If you have the same going in as you do going out, you have unity gain, and if you have twice as much going out, you have a gain factor of 2. So if you raise your input gain, you raise what essentially comes out.
So what does this have to do with what we’re talking about? Essentially, when you increase the gain of the input signal (before the pre-amplifier), there will also be an increase in volume in the final stage after the power amplifier.
You can’t just increase the gain on the input signal and expect it to be the same volume once it has been outputted as a guitar sound through your amplifier’s speakers.
This is why you may have to account for a volume increase with your master volume after you’ve increased the gain. As I explained in my guide on the MXR 10-Band EQ, that’s what the volume is for on that pedal.
Anyway, you should have a good idea of how the guitar amplifier works now. Let’s talk a bit more about the power amplifier because we’ve only talked about it briefly thus far. The power amplifier is important to understand in the context of differentiating between gain and drive.

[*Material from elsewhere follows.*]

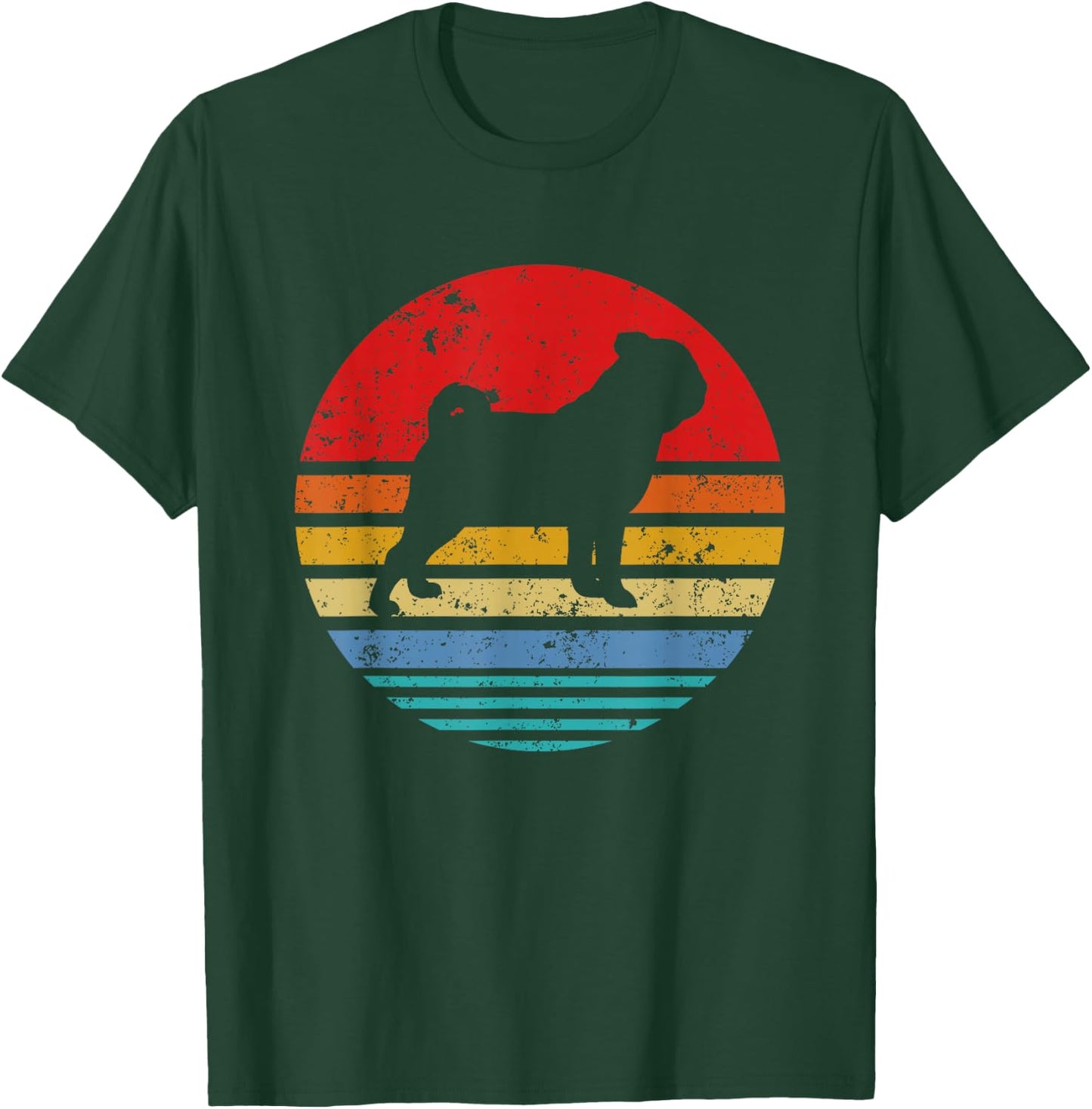 Pug Retro Sunset Distressed Mom Dad Dog Lover Gift Men Women Girls Kids T-Shirt - T-Shirt | Forest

What is the Power Amp & How Does It Affect Gain/Drive?
Basically, the power amp raises the line level signal to speaker level and converts DC power to AC power in the process. It is the final stage in the guitar amplification process, and it’s crucial for outputting the signal as sound for you and your audience to hear.
The power amplifier increases the volume of the signal after it has been processed, EQ’d, compressed, and affected by the pre-amplifier. It boosts the signal in such a way that you don’t have to worry about it coloring the tone as much.
That said, loudness actually can affect the end result which is something the guy from Sweetwater also points out in his video. In simple terms, a guitar signal on its own, without a preamp, is not nearly enough to drive a speaker.
Even a guitar signal that has been affected by the pre-amplifier is not enough to drive or power a speaker. So this is what the power amplifier is for. The power amplifier is getting the signal to a point where it’s strong enough to actually be used by the speaker.